Rumah tangga, sebagai sebuah metafora, barangkali bisa lebih mengkonkretkan “keluarga” sebagai semata-mata relasi. Konotasi rumah tangga memang lebih bersifat keruangan (spasial), dimana di dalamnya terdapat jenjang-jenjang yang hirearkis. Ruang(-ruang) domestik, terutama ruang makan dan dapur, yang merupakan basis bagi keberadaan rumah tangga, berada di bawah kendali perempuan.

Ruang(-ruang) Domestik
Ruang(-ruang) domestik terutama didefenisikan menurut fungsinya. Oleh karena itu dalam pengklasifikasiannya menurut fungsinya ruang-ruang di dalam rumah terbagi atas lima bagian seperti, (1) ruang untuk duduk(-duduk), seperti ruang tamu, ruang duduk, ruang keluarga, serambi, teras, dan balkon; (2) ruang untuk tidur, yang terbagi atas tiga subtipe yang terstrasifikasi, yakni kamar tidur utama, kamar tidur anak, kamar tidur pembantu; (3) ruang untuk makan/masak, seperti dapur dan ruang makan; (4) ruang untuk bersih-bersih diri; (5) ruang lain-lain.
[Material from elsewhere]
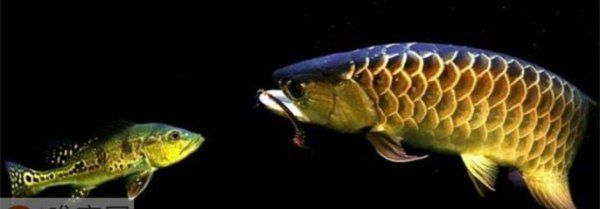 金龍魚能和神仙混養嗎視頻【金龍魚和七彩神仙魚混養成功的案例視頻中的混養成功】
Adapun semacam asumsi bahwa ruang(-ruang) domestik lebih cenderung diporsikan sebagai wilayah perempuan. Dengan mudah asumsi ini mendapat pembenaran atau sanggahan, tergantung pada keperluannya. Sebagian ruang tersebut memiliki konotasi gender yang kuat, misalnya dapur dan garasi. Dapur merupakan ruangan untuk mengolah dan mempersiapkan makanan, yang sangat kuat asosiasinya dengan aktivitas feminim; sementara garasi merupakan ruangan untuk menyimpan kendaraan, yang sangat kuat asosiasinya dengan aktivitas maskulin. Dengan demikian, selain didefenisikan melalui fungsinya, ruang(-ruang) domestik pun cenderung diasosiasikan dengan anggota keluarga tertentu, khususnya ibu dan ayah.
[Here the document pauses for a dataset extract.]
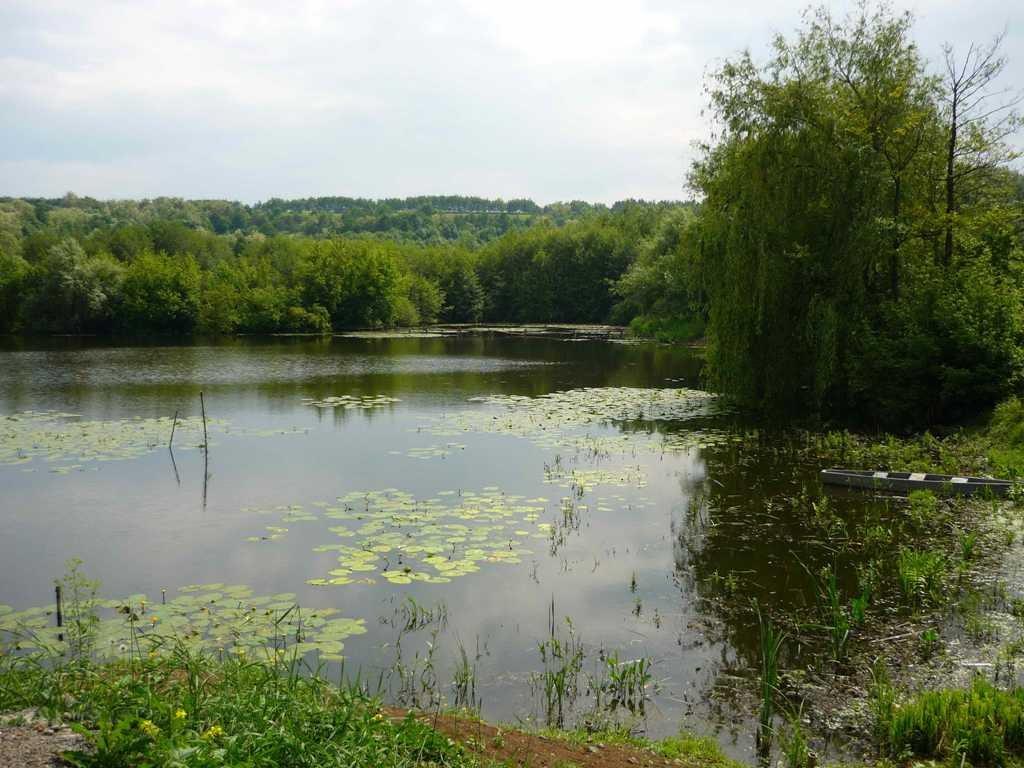 Ободівка з panoramio.com - Ободівка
Ruang yang sepintas tampak netral gender adalah ruang untuk duduk(-duduk). Namun, terdapat ruang-ruang yang memiliki peran penting dalam perbincangan gender yakni ruang tamu. Menurut Passikoff dan Holman, ruang tamu merupakan ruangan khusus untuk ayah. Selain sebagai tempat untuk menerima tamu (yang datang dari luar rumah), ruang tamu juga digunakan ayah untuk melakukan aktivitasnya baik itu membaca koran, atapun memberikan nasehat kepada anaknya. Dibandingkan dengan ruang-ruang domestik yang lain, ruang tamulah yang berhubungan paling dekat dengan ruang publik sehingga tidak mengherankan apabila ayah lebih banyak mengisi aktivitasnya di ruang tersebut. Kehidupan di dalam rumah dan kehidupan jalanan, sebagai dua dunia yang terpisah, dihubungkan oleh sebuah ruang “ambang” dengan ayah sebagai figur perantaranya.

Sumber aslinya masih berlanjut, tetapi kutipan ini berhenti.